Reinicio escolar: no permitamos que los niños sufran

“Cualquier cosa que provoque dolor en los niños es una pésima estrategia de crianza” Felipe Lecannelier

Hay cosas que por principio ético no se hacen, sea que den el resultado esperado o no. Pegarle a un niño para modificar un comportamiento no deseado, dejar a un niño reventándose en llanto para que duerma toda la noche sin molestar a los padres o para que no se “malcríe” o para que se acostumbre a quedarse en la escuela, son abusos naturalizados socialmente, que se cometen con mucha frecuencia.

En  el escenario del reinicio escolar brotan raudales de llanto y el sufrimiento por parte de niños forzados a quedarse en la escuela o guardería sin que respetemos sus tiempos ni sus necesidades, obligados a plegarse a la comodidad de un mundo adultocentrista que establece sus propias prioridades en detrimento de las necesidades biológicas y afectivas infantiles. Un mundo de adultos carentes de sensibilidad y de disposición para asegurar los medios necesarios que consoliden una transición suave, respetuosa y amable para nuestros pequeños.

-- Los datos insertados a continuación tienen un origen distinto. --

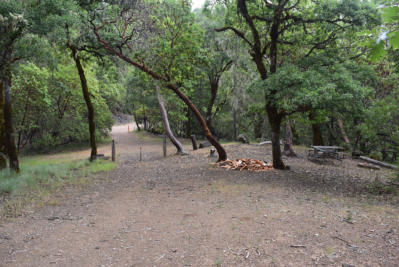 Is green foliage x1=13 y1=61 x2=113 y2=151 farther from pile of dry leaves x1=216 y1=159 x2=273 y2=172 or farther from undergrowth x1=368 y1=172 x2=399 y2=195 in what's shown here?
undergrowth x1=368 y1=172 x2=399 y2=195

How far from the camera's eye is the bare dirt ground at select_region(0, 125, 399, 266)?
3.71 metres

La ocasión es auspiciosa para detenernos a reflexionar y poner sobre la palestra el neurálgico asunto de la carencia de periodos idóneos de integración o adaptación escolar. Es hora de comenzar a indagar sobre lo que nuestros chiquitines están sintiendo. Hagamos el esfuerzo de establecer conexión con su alma infantil y entender cómo registran emocionalmente el inicio de la experiencia escolar desprendidos de su hogar y del contacto con su figura o figuras de apego principales para ingresar a una institución bajo el cuidado de personas desconocidas, con horarios y rutinas nuevas, basadas en exigencias desmedidas, alejadas de las necesidades naturales y propias de su momento evolutivo, donde además deben soportar la experiencia sufriente de separación, sin un proceso previo, adecuado, real y cabal de integración.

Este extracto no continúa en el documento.